An expert discusses how bispecific antibodies are reshaping the treatment landscape for relapsed/refractory multiple myeloma (R/R MM) by offering off-the-shelf, effective alternatives to CAR T-cell therapy, while emphasizing the need for institutional planning, patient monitoring, and coordinated care to manage continuous therapy, adverse effects, and resource demands.
The introduction of bispecific antibodies has significantly altered the treatment paradigm for R/R MM. Unlike CAR T-cell therapies, which are individualized and require manufacturing time, bispecifics offer rapid, off-the-shelf administration. This is particularly advantageous for patients with aggressive disease who need immediate intervention. These therapies work by engaging a patient’s own T cells to target myeloma cells through dual antigen binding, typically without requiring lymphodepleting chemotherapy. Notably, bispecifics have demonstrated clinical activity even in patients who have previously received BCMA-targeted treatments, supporting their use as salvage options in later treatment lines.
One major shift introduced by bispecifics is the move from fixed-duration to continuous therapy, allowing for sustained disease control. This ongoing treatment approach requires close monitoring and proactive management of adverse effects such as prolonged cytopenias and hypogammaglobulinemia. With broad eligibility criteria and lower logistical barriers compared with CAR T therapy, bispecifics offer a practical alternative for patients who are not candidates for cell therapy. As a result, these agents are now being studied in earlier treatment lines, with the hope of replicating their high response rates in broader patient populations.

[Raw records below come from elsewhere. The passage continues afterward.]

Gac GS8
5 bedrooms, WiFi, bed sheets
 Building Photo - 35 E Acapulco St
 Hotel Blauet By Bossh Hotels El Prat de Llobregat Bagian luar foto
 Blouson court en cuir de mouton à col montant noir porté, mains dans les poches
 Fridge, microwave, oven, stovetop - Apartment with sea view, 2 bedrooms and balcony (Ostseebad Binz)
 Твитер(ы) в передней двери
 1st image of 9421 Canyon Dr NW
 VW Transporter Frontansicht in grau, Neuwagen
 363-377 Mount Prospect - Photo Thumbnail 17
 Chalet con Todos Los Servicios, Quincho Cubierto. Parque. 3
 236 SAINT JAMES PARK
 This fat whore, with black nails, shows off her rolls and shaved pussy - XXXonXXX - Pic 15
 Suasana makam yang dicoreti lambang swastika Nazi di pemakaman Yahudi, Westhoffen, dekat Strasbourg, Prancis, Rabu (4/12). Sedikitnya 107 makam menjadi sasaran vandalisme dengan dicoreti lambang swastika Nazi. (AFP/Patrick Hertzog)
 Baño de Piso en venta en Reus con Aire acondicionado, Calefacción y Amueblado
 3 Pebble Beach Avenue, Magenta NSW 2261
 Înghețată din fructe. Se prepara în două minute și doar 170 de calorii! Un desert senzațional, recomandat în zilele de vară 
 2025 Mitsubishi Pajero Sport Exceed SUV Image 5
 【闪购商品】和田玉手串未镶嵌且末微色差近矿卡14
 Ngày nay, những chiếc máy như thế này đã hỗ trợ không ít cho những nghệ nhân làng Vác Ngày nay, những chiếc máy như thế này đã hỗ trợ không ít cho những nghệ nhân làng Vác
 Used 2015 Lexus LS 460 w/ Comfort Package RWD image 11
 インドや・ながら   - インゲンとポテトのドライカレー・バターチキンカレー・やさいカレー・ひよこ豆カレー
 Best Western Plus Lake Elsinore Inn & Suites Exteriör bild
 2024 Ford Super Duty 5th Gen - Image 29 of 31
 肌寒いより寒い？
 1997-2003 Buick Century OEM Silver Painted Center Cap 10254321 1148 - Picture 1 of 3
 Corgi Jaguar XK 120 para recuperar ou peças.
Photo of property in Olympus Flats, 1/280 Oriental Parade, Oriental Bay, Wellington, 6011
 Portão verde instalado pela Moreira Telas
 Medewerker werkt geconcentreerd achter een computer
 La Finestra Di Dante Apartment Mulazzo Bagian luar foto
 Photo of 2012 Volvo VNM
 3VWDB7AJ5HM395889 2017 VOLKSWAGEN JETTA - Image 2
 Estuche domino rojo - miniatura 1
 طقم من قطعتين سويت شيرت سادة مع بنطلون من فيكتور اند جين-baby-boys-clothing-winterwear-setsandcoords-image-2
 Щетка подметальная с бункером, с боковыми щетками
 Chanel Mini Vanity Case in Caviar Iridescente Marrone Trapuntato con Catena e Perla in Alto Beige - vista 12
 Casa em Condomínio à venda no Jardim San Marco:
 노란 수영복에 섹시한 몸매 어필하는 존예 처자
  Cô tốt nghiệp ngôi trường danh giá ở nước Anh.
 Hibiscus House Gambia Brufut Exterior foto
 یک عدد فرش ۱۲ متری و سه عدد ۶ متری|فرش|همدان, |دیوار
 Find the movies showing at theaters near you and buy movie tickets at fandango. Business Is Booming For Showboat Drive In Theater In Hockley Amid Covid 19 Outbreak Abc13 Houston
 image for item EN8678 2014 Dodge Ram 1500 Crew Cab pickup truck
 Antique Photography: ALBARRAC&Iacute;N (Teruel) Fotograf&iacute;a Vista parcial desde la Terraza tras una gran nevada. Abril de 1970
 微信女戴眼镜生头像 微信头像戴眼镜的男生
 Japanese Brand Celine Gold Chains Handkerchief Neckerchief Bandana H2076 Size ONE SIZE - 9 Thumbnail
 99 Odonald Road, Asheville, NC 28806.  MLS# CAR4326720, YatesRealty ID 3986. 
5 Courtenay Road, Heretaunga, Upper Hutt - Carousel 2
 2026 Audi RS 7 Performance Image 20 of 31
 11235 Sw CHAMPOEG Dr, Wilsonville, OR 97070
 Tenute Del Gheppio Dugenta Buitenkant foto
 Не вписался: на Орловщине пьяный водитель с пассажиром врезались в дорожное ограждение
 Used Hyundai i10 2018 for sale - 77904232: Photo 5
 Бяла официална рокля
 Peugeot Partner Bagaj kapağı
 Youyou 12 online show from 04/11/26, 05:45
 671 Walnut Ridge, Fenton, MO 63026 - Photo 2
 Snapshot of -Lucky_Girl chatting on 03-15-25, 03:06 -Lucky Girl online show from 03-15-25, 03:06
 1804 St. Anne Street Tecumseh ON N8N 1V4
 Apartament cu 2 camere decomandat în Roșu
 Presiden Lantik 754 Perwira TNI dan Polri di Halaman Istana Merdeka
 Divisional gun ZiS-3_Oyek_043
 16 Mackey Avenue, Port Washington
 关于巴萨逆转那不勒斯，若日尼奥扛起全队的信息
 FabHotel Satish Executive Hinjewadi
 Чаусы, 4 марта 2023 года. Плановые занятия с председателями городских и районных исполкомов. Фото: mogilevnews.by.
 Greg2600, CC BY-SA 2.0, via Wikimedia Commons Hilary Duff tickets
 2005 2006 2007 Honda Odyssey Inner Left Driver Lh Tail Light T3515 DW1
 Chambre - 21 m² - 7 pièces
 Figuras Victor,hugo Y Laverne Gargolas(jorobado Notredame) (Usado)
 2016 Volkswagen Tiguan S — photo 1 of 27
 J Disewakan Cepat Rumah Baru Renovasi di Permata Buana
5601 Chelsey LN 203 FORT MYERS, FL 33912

From a formulary and institutional standpoint, key factors influencing bispecific therapy adoption include efficacy, toxicity profile, administration logistics, and cost. While head-to-head clinical comparisons are lacking, real-world data suggest comparable efficacy across approved agents. However, step-up dosing to mitigate cytokine release syndrome can necessitate inpatient monitoring, driving up resource utilization. The ability to administer these therapies in an outpatient setting depends on institutional infrastructure. Furthermore, the total cost of care includes not only drug acquisition but also supportive care, infusion center demands, and hospitalization. As health care systems navigate these complexities, institutions must weigh operational feasibility against clinical benefits to optimize bispecific use for patients with multiple myeloma.